**TRY IT:** Once the line containing "СК Зерноград" is found in the records below, return it and each following line exactly, up to and including the line containing "England : Chalk Cliffs, England", and nothing else.
Segment Start: SOURCE MATERIAL
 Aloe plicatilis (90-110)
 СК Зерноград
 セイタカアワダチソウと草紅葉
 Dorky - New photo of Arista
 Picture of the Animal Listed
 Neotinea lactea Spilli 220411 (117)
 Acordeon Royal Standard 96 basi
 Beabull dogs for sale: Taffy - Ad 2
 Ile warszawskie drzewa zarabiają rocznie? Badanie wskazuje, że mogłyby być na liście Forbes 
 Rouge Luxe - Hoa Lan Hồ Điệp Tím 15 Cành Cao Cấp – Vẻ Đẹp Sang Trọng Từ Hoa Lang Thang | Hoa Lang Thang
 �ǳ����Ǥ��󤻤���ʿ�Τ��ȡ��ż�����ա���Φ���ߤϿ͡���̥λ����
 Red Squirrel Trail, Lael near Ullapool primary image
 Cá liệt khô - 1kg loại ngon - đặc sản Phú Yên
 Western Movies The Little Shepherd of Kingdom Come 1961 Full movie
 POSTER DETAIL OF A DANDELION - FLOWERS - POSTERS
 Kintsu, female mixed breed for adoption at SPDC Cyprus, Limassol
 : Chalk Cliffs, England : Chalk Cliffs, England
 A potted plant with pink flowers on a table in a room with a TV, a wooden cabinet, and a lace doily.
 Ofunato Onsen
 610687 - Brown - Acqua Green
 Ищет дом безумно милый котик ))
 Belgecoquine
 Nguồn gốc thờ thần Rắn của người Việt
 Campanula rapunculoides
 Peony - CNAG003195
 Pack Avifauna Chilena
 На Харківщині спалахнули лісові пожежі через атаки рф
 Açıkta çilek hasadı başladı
Segment End: SOURCE MATERIAL
**ANSWER AREA:**
 СК Зерноград
 セイタカアワダチソウと草紅葉
 Dorky - New photo of Arista
 Picture of the Animal Listed
 Neotinea lactea Spilli 220411 (117)
 Acordeon Royal Standard 96 basi
 Beabull dogs for sale: Taffy - Ad 2
 Ile warszawskie drzewa zarabiają rocznie? Badanie wskazuje, że mogłyby być na liście Forbes 
 Rouge Luxe - Hoa Lan Hồ Điệp Tím 15 Cành Cao Cấp – Vẻ Đẹp Sang Trọng Từ Hoa Lang Thang | Hoa Lang Thang
 �ǳ����Ǥ��󤻤���ʿ�Τ��ȡ��ż�����ա���Φ���ߤϿ͡���̥λ����
 Red Squirrel Trail, Lael near Ullapool primary image
 Cá liệt khô - 1kg loại ngon - đặc sản Phú Yên
 Western Movies The Little Shepherd of Kingdom Come 1961 Full movie
 POSTER DETAIL OF A DANDELION - FLOWERS - POSTERS
 Kintsu, female mixed breed for adoption at SPDC Cyprus, Limassol
 : Chalk Cliffs, England : Chalk Cliffs, England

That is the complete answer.